In a key argument, Merritt asks how you would react to a “neighbor” who “made no bones about the fact they thought they were better than you,” “thought they were specially blessed by God and you weren’t,” or required constant reassurance from you about how amazing they were?” Even accepting these rather distorted expectations of American exceptionalists, the answer really depends on what you might need from your reputedly difficult neighbor.
Merritt suggests you would understandably tire of your brash “neighbor,” avoid eye contact, and withhold social invites, much as America’s “global neighbors are running the other way.” But not all of America’s metaphorical neighbors have played avoidance. Depending on their needs, many have been saved, and some have been ultimately grateful for supposedly arrogant American Exceptionalism.
Jews in Nazi camps welcomed the sounds of American tanks. Tortured Filipinos welcomed General Douglas MacArthur’s grandiose fulfillment of his promise to return. Occupied Japanese were relieved by his benevolent rule that transitioned them from fascism to democracy. Besieged West Berliners heard with gladness the roar of American supply aircraft. Thousands of Vietnamese boat people, fleeing their Communist “liberators,” escaped storm and pirates for the sanctuary American naval ships. Under assault by several Arab neighbors, Israelis breathed with relief during President Nixon’s emergency arms airlift in 1973. Starving Ethiopians and North Koreans, victims of Marxist economics, were nourished by American food. Soviet and East European refuseniks tapped the words of the Declaration of Independence in their prison cells. Kuwaitis and ultimately Iraqis were rescue from rape and mutilation by Saddam thanks to U.S. armed forces. Millions of Africans are preserved from near certain death thanks to U.S. drugs for AIDS and other disease.

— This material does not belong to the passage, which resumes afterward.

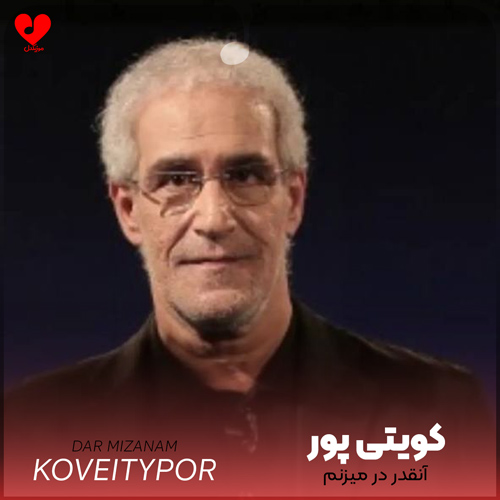 دانلود آهنگ آنقدر در میزنم از کویتی پور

Guilt-ridden, self-doubting, nations lacking a sense of majestic destiny do not typically liberate millions from genocide, hold at bay across decades vast tyrannical empires, routinely feed and rescue millions, create global economic and political architecture providing sustained economic growth and relative security for billions, or absorb the contempt of their critics with hardly a complaint.

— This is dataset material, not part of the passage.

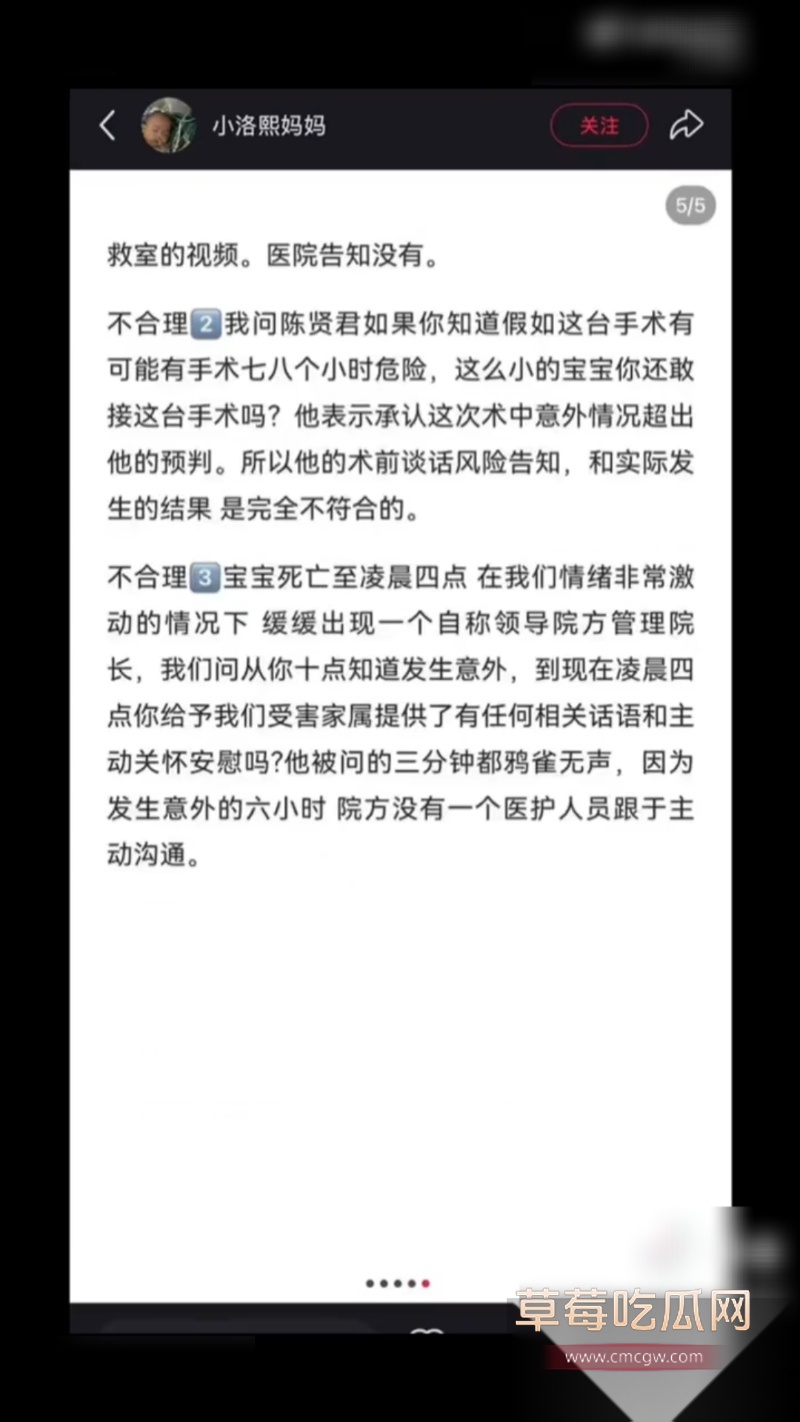 浙江宁波5月龄早产女婴 5 浙江宁波5月龄早产女婴 5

Merritt asserts that American Exceptionalism ignores God as the giver of unmerited blessings and instead claims deserved “favored status” with the Almighty, “breeding arrogance and triumphalism.” But what he deems triumphalism has been for millions across the decades and around the world a source of liberation and life. No nation can perfectly calibrate its self-image into perfect moral harmony. But Divine Providence, by His grace, has deployed America, for all its many faults, as a force for unprecedented good around the world.

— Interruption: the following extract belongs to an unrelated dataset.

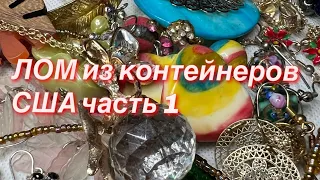 189. Лом из контейнеров США. Распаковка винтажных украшений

Shaped by our Puritan forebears, there probably have been few nations as obsessively reflective of its sins as America, while simultaneously audacious and sweeping in its soaring designs for the betterment of humanity. American Exceptionalism deserves a more reflective analysis beyond the simplistic calumny of “arrogance.” And July 4 deserves vigorous celebration uninterrupted by the Religious Left’s armchair angst.